WHAT YOU NEED TO DO =
Pictures excluded, please transcribe exactly the lines from the one with "Private Romantic cruise" through the end of the records below, and nothing more.

──────── EXERCISE INPUT ────────

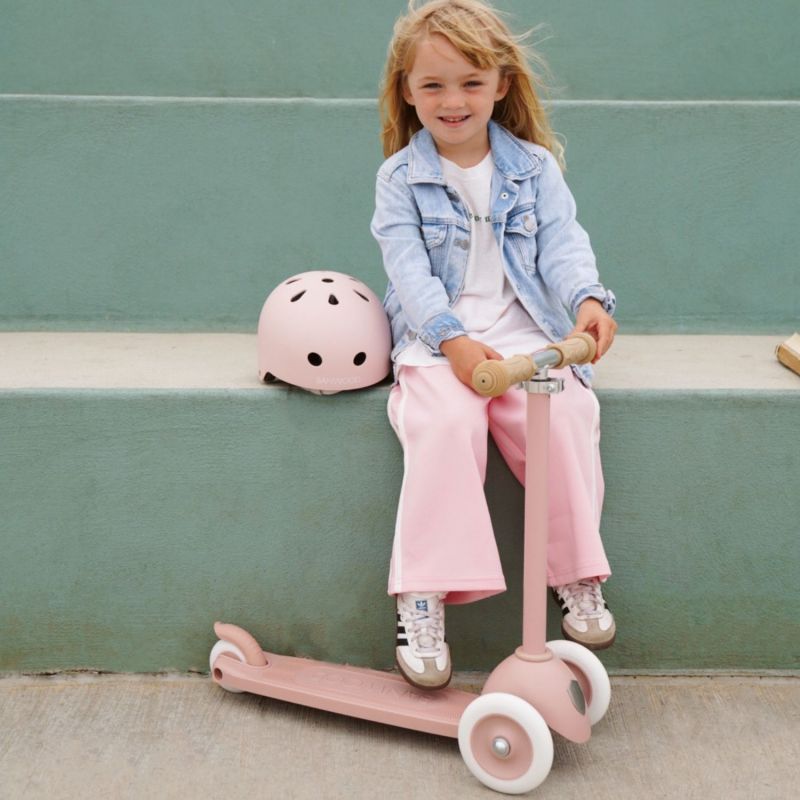 Trottinette ECO Dusty Rose avec panier Pin & Ride Banwood Ambiance 6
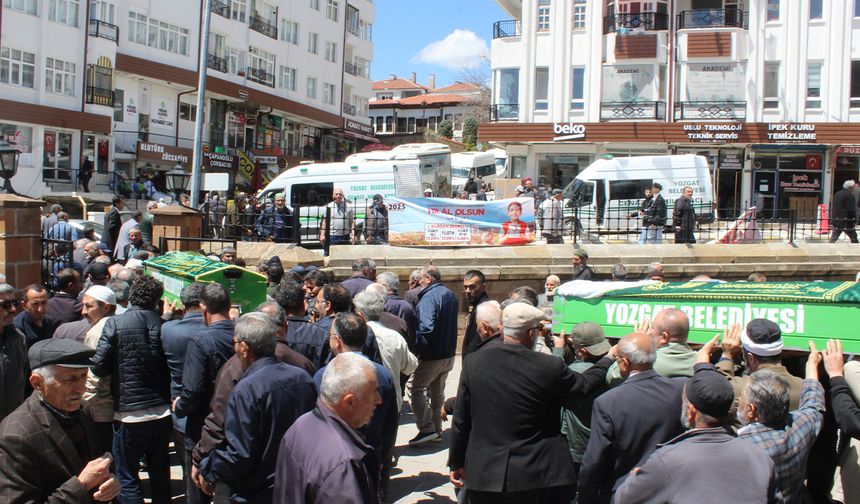 Son Yolculuğuna Uğurlandı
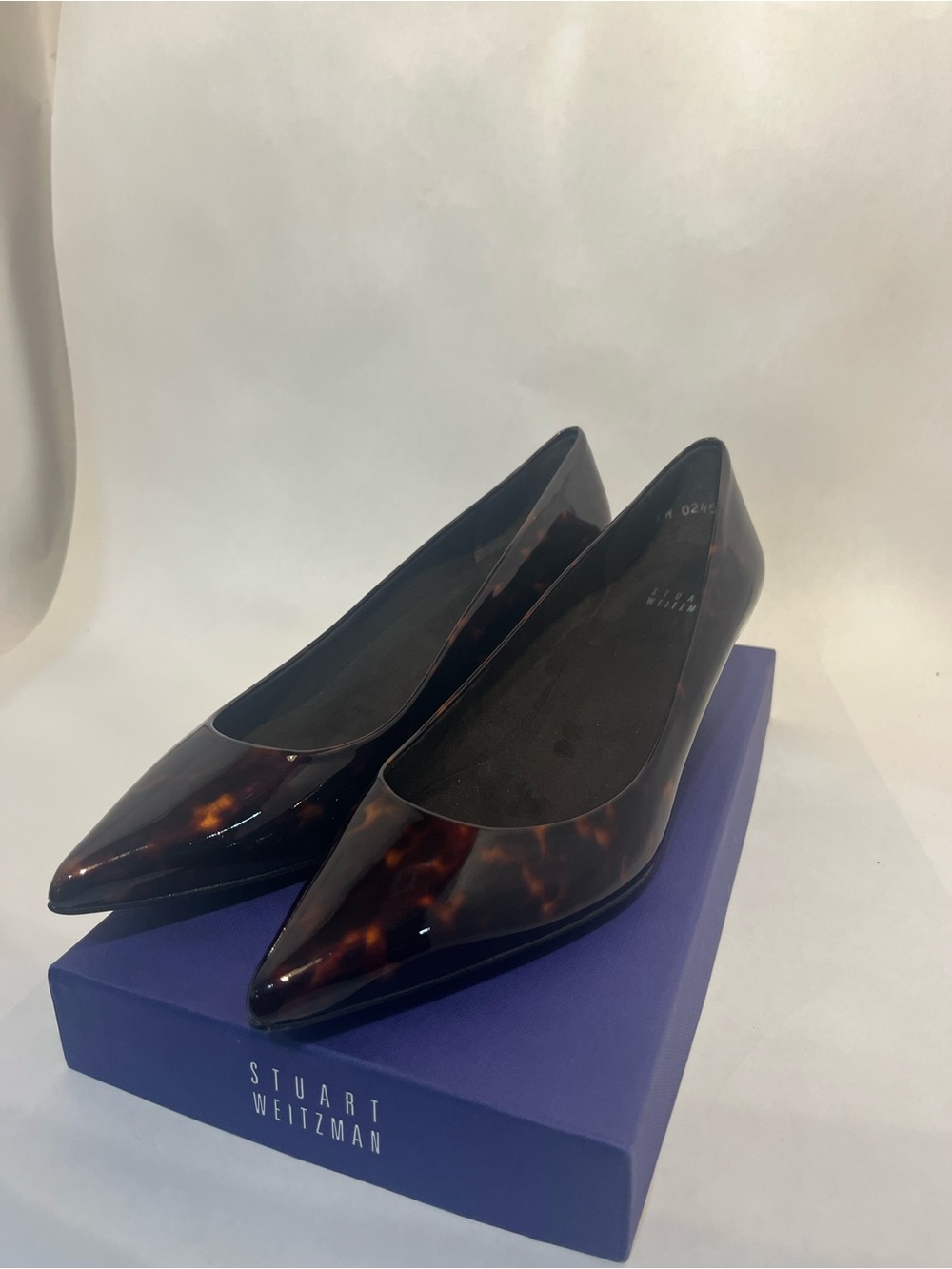 Stuart Weitzman Pointed Toe Tortoiseshell Patent kitten heels (never worn) - Picture 8 of 8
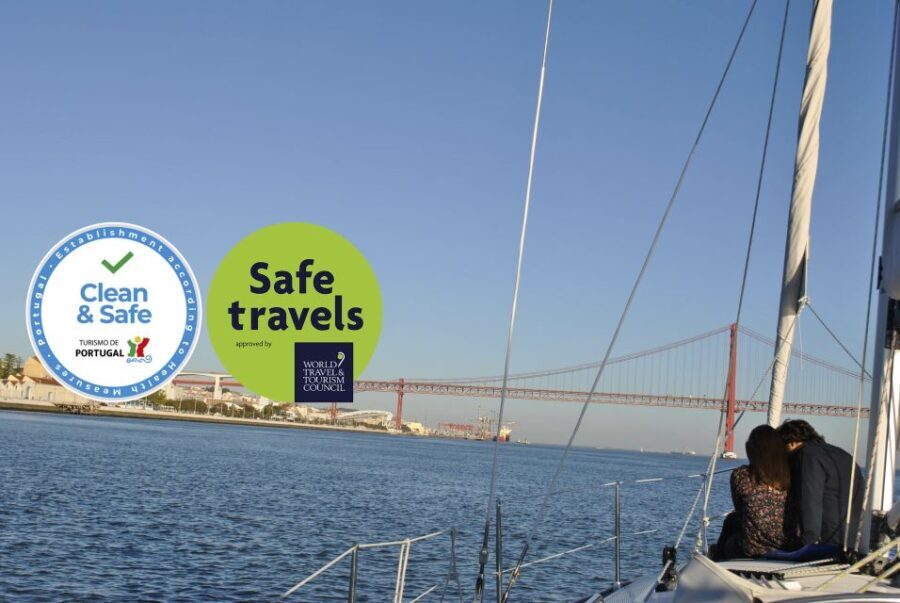 Private Romantic cruise with sparkling wine- 2-Hour- Lisbon - A Deep Dive into the Lisbon Romantic Yacht Cruise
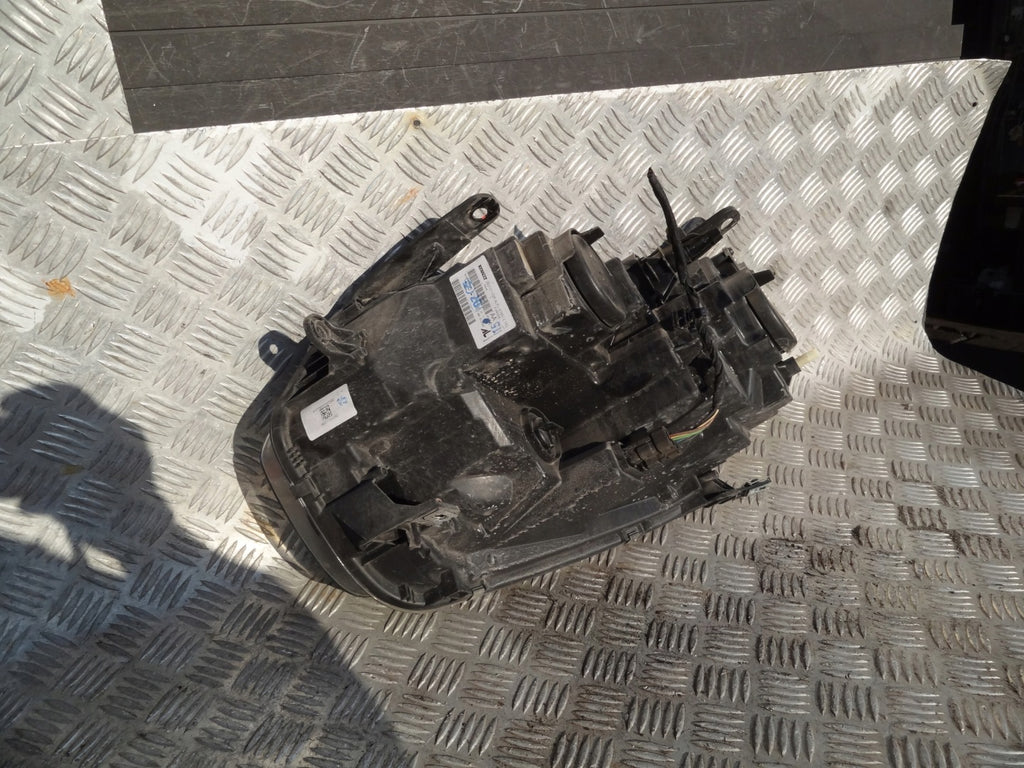 Frontscheinwerfer Dacia Duster 260101133R Rechts Scheinwerfer Headlight SCH7967827416ni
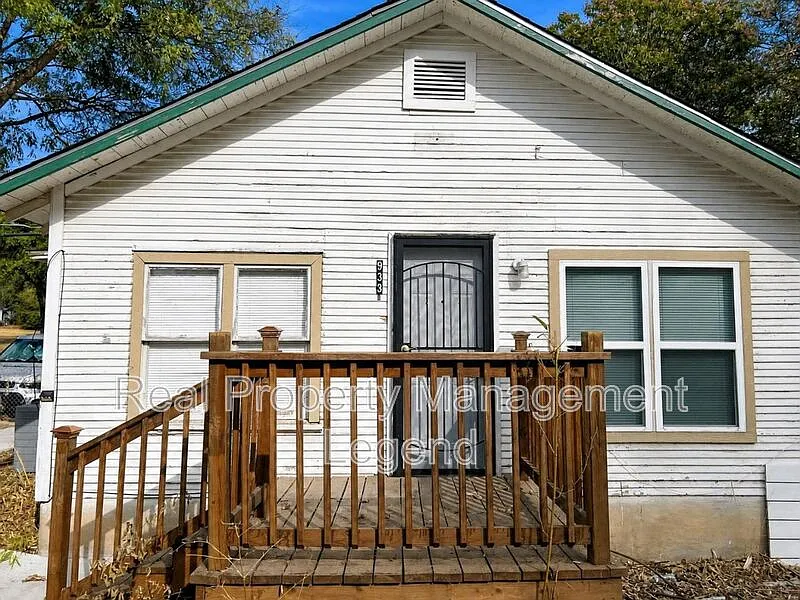 933 Gillham Rd #933B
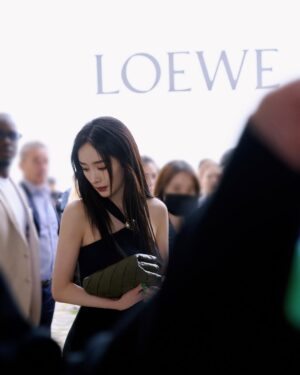 Yang Mi Instagram - 很开心以全新身份参加LOEWE2024春夏女装秀，廓形、比例、巨大的青铜雕塑，一场艺术与时装的视觉碰撞，谢谢 @loewe 和 @jonathan.anderson  的邀请❤️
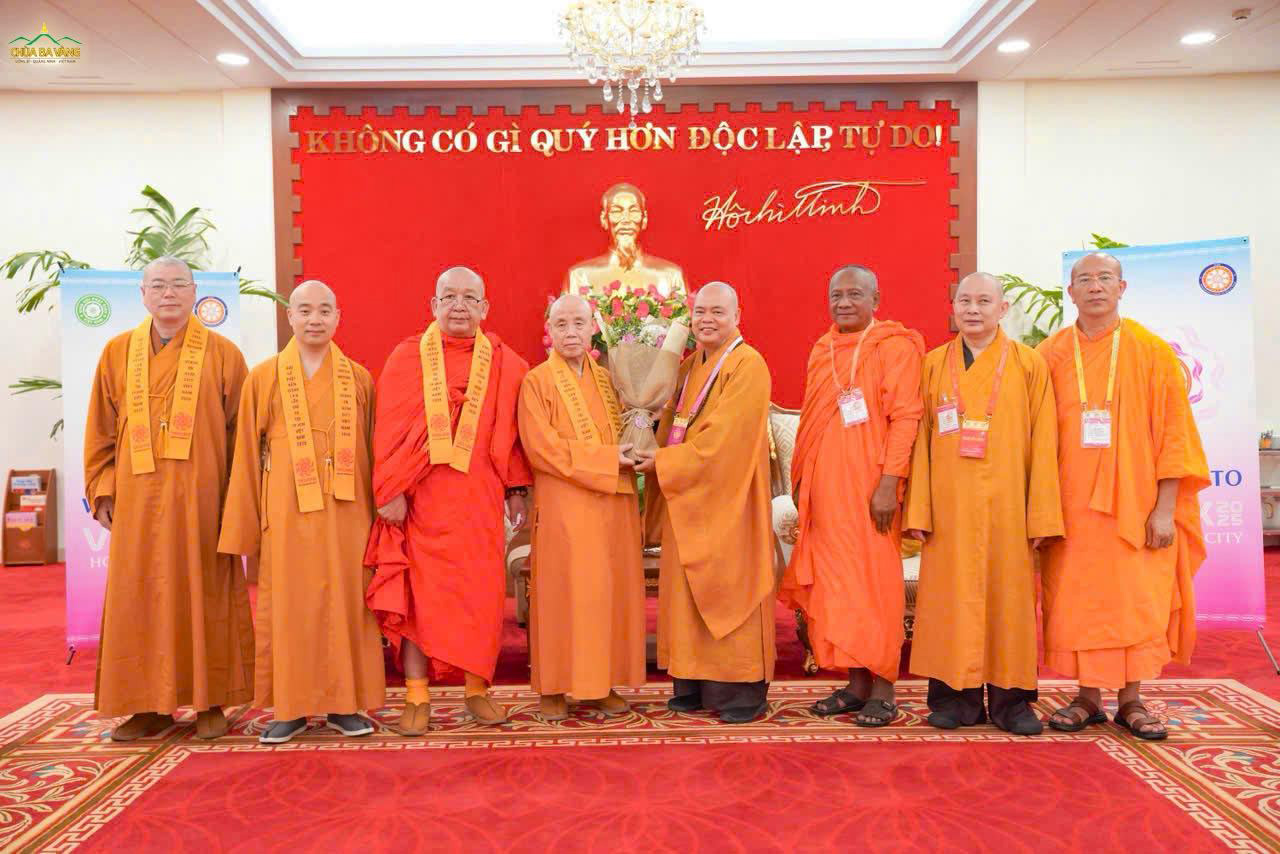 Trân trọng đón tiếp Hòa thượng Shi Yanjue - Chủ tịch Hiệp hội Phật giáo Trung Quốc cùng phái đoàn đến Việt Nam tham dự Đại lễ Vesak 2025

────────

YOUR RESPONSE =
 Private Romantic cruise with sparkling wine- 2-Hour- Lisbon - A Deep Dive into the Lisbon Romantic Yacht Cruise
 Frontscheinwerfer Dacia Duster 260101133R Rechts Scheinwerfer Headlight SCH7967827416ni
 933 Gillham Rd #933B
 Yang Mi Instagram - 很开心以全新身份参加LOEWE2024春夏女装秀，廓形、比例、巨大的青铜雕塑，一场艺术与时装的视觉碰撞，谢谢 @loewe 和 @jonathan.anderson  的邀请❤️
 Trân trọng đón tiếp Hòa thượng Shi Yanjue - Chủ tịch Hiệp hội Phật giáo Trung Quốc cùng phái đoàn đến Việt Nam tham dự Đại lễ Vesak 2025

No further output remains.